Henry James in Literary Contexts

Reference: PID2019-104409GB-I00

Funded by Ministerio de Economía y Competitividad.

Main researcher: Julián Jiménez Heffernan.

Duration: 1/6/2020-30/5/2022.

Participants: Julián Jiménez Heffernan (PI) (UCO), Leonor Martínez Serrano (UCO), María Valero Redondo (UCO).

Summary:

The characterization of Henry James as the Master rests on romantic assumptions of infinite creative freedom. It is thus dismissive of conceptions of literary invention based on imitatio. The fact that the deviant tradition of the novel lacked accommodation within the Neoclassical normative system may help explain the absence of considerations of sources and influences in early critical assessments of prose fiction. But this absence remains very pronounced today. The examination of the narrative sources of Henry James's narratives has never been a critical priority. Expressions of interest in the literary influences shaping James's oeuvre were apparently restricted to the province of an old-fashioned critical practice (Wilson, Trilling, Leavis, Matthiessen, Edel). To make things worse, the current vogue for sociological approaches to narrative texts has contributed to obscure the focus on anomalous inter-textual connectivity that characterized the work of desconstructive hermeneutics (Bloom, De Man, Hillis Miller, Felman, Brooks, Rowe). Still, there is a slow but steady return to considerations of influence in James studies, visible in recent work by important critics like Philip Horne, Adrian Poole or Tamara Follini. To describe the dynamics of intertextual appropriation, these critics have resorted to original tropes like possession, haunting, chaos and dispersal. Catachrestic substitution and synecdochal fragmentation map out the “indirections of influence” (Follini), which in turn spell a mode of stringent intertextual determinism. This alone can account for the violence of memory inscription (James's early traumatic reading of Oliver Twist, for example).

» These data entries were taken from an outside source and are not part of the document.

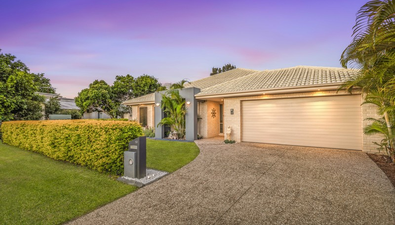 Picture of 13 Briggs Drive, CABOOLTURE QLD 4510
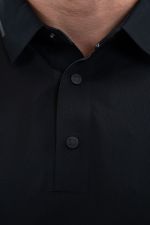 Nino Polo - Noir (Nero) Nino Polo - Noir (Nero)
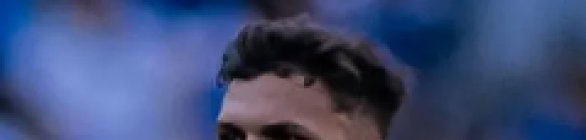 Sem acordo com o Cruzeiro, Vitória desmarca chegada de Daniel Junior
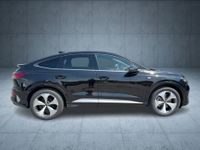 Audi Q4 e-tron - Vorschau Bild 7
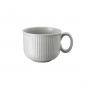 Thomas Clay Rock Combined mug 0.27 L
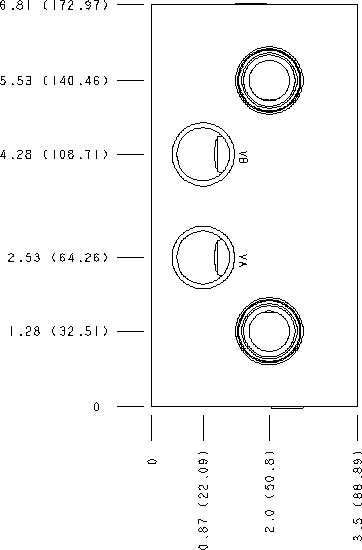 Sun-Hydraulics-VVW/S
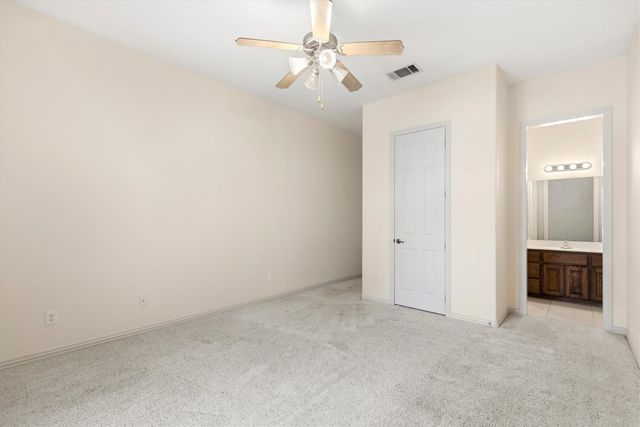 108 Avenida, Lucas, TX 75098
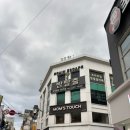 광주 충장로 방탈출 실내 데이트 놀거리 ‘방탈출카페 브레인’ 쉿 SHIT 테마 후기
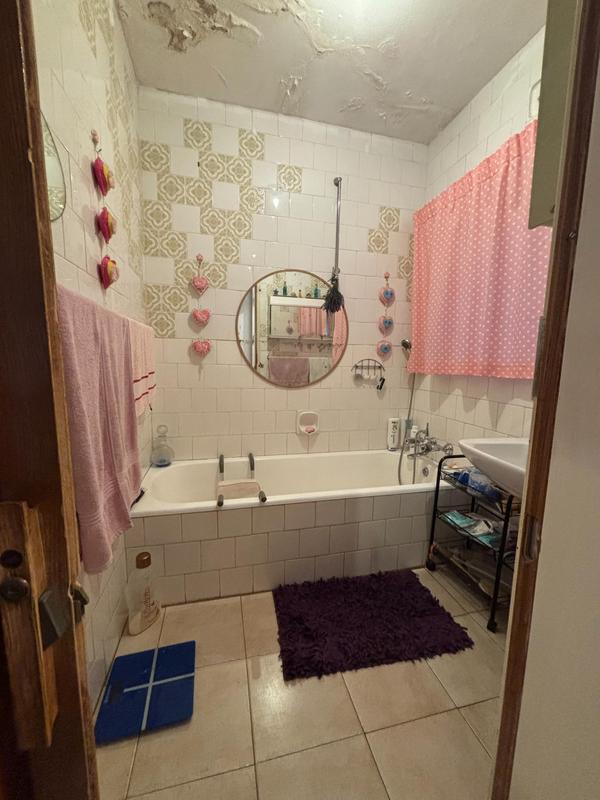 To Let 2 Bedroom Property for Rent in Brakpan Central Gauteng
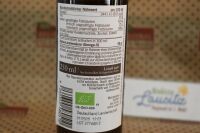 Bio Lein&ouml;l heimisch 250 ml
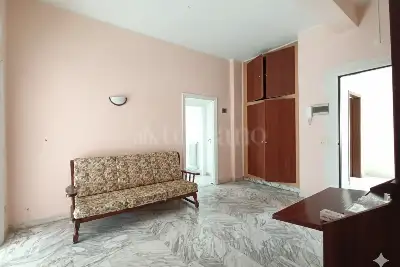 Casa in vendita, Via Francesco Breschi, Anzio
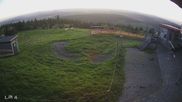 Archiviertes Webcam Bild: Oberwiesenthal - Himmelsleiter Bergstation am 28.05.2026 um 04:47 Uhr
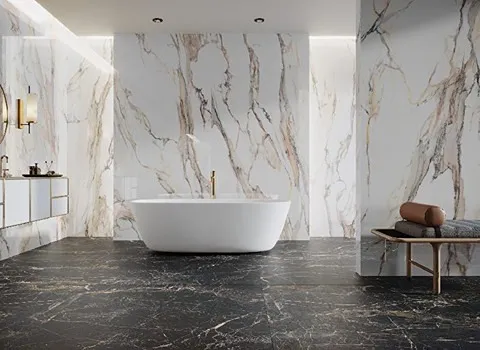 قیمت خرید سرامیک اسلب مرجان + خواص، معایب و مزایا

In this project we shall try to flesh out some of these indirections. In particular, we have singled out seven trajectories of influence-analysis: Shakespeare-James, Richardson/Fielding- James, Boswell-James, Emerson-James, Austen-James, Dickens-James, Thackeray-James. Our aim is not to subject these intertextual (in)directions to a rigid genealogical narrative, not to sustain the critical dream of one great tradition providing a single family for James, with Jane Austen as the great-grandmother. We assume that James was inexorably at liberty to scan and appropriate several narrative lineages at once, and that this freedom of an ambulatory aesthetic sensibility procured him an inevitable sense of open literary experience which he would eventually sublate into the one theme of his narratives—human (emotional, sexual, moral, intellectual) freedom. His was the freedom to be enslaved by other writers' texts, and he decided to sublimate this gift into the pragmatic freedom (to renounce and forgo) many of his characters exhibit in the face of societal determinism. The intellectual freedom of Hamlet, the emotional-textual freedom of the subaltern Pamela, the republican freedom of Boswell, the freedom from social convention in Emerson, the freedom to observe and judge in Austen, the ambulatory-spectatorial freedom in Dickens, and the freedom to be textually free, to write about nothing, in Thackery: these are some of the shapes that liberty takes in James's work. By examining some of the literary sources James tapped throughout his formative years, we hope to describe better the indirections of his literary influence and assess more firmly the intertextual determinism (the unfreedom) behind the apparent freedom of a Master who was always aware of being preceded, sometimes outranked, by other masters.